### Task objective
Copy the records below exactly, leaving out any pictures.

### Source records
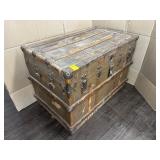 VINTAGE STEAM CHEST
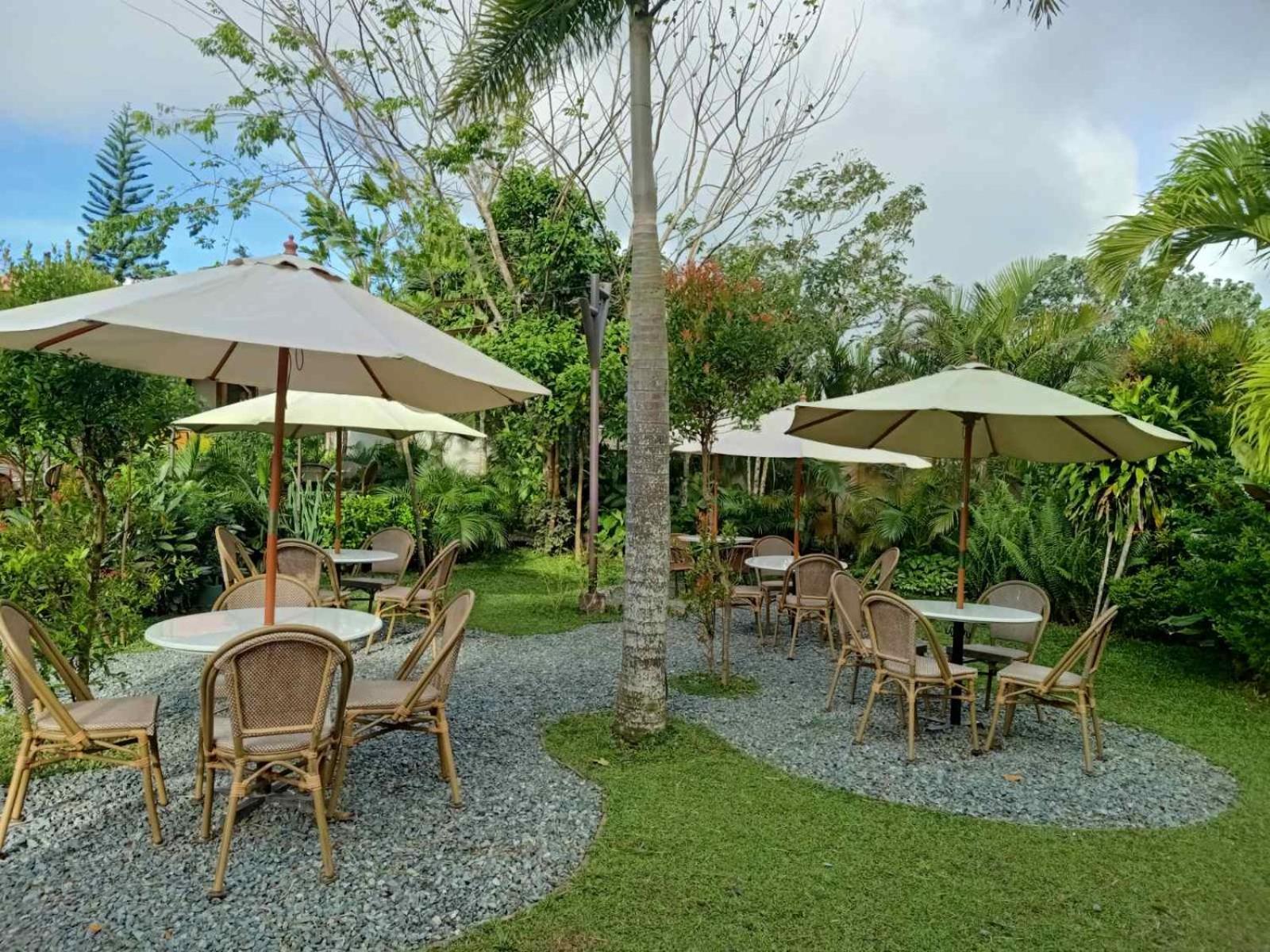Hortz Hotels And Resorts Tagaytay City Exterior photo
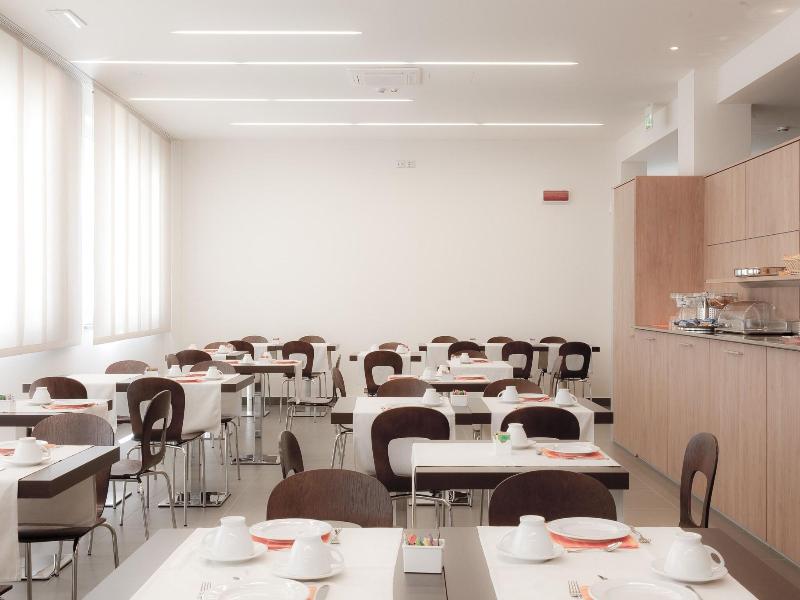 Blu Arena Hotel image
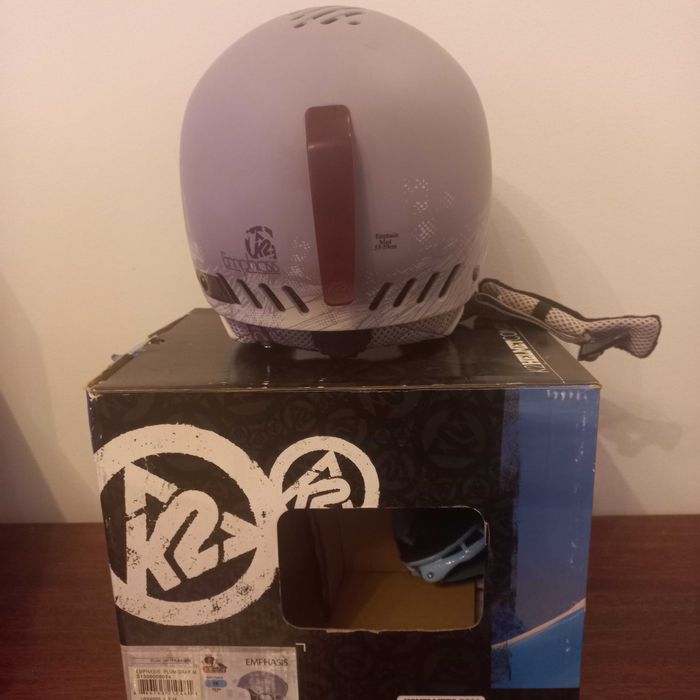 Продам шлем для сноуборда в отличном состоянии .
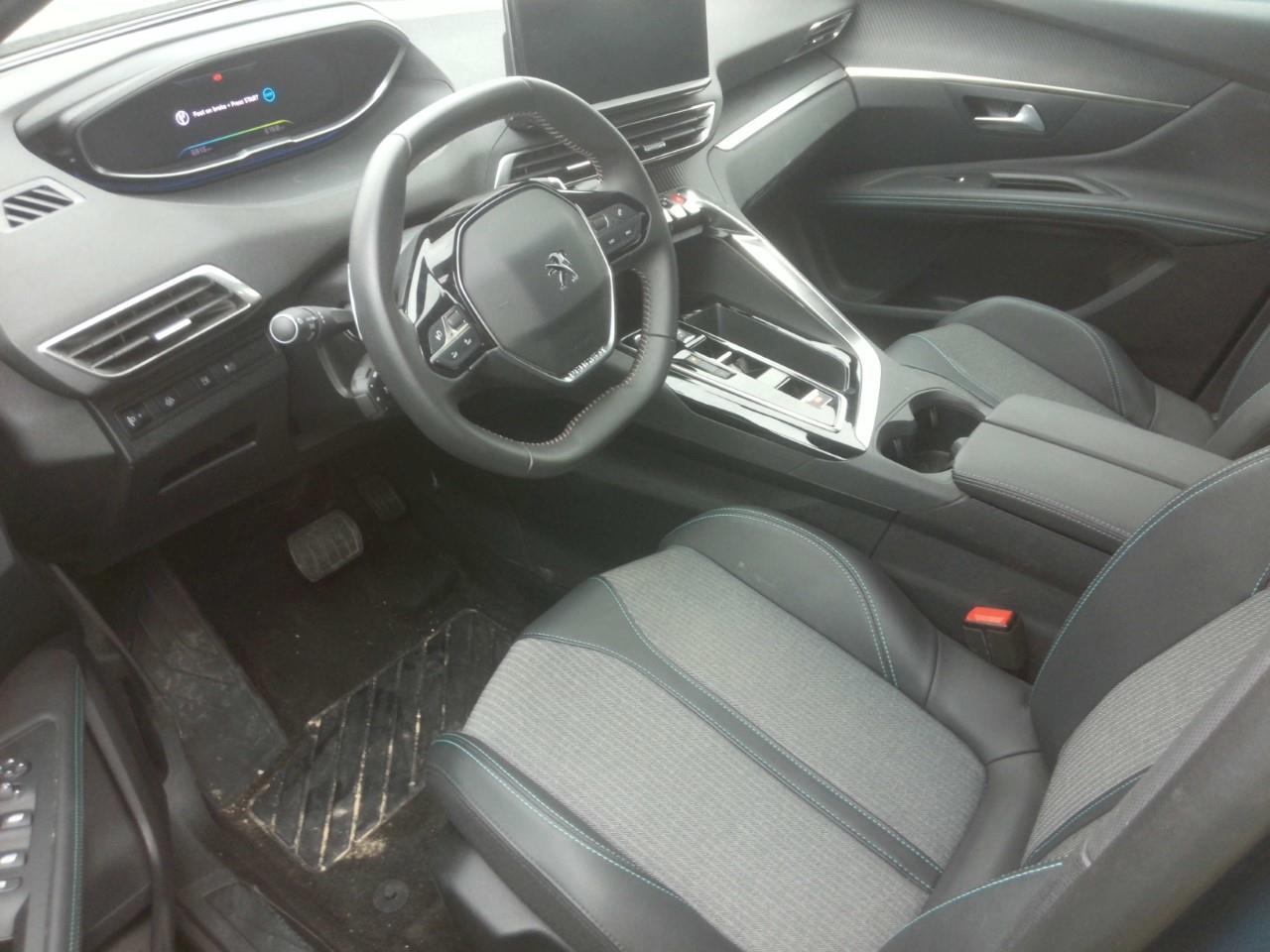 Foto Peugeot 3008 Hybrid 3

### Response for this exercise
 VINTAGE STEAM CHEST
Hortz Hotels And Resorts Tagaytay City Exterior photo
 Blu Arena Hotel image
 Продам шлем для сноуборда в отличном состоянии .
 Foto Peugeot 3008 Hybrid 3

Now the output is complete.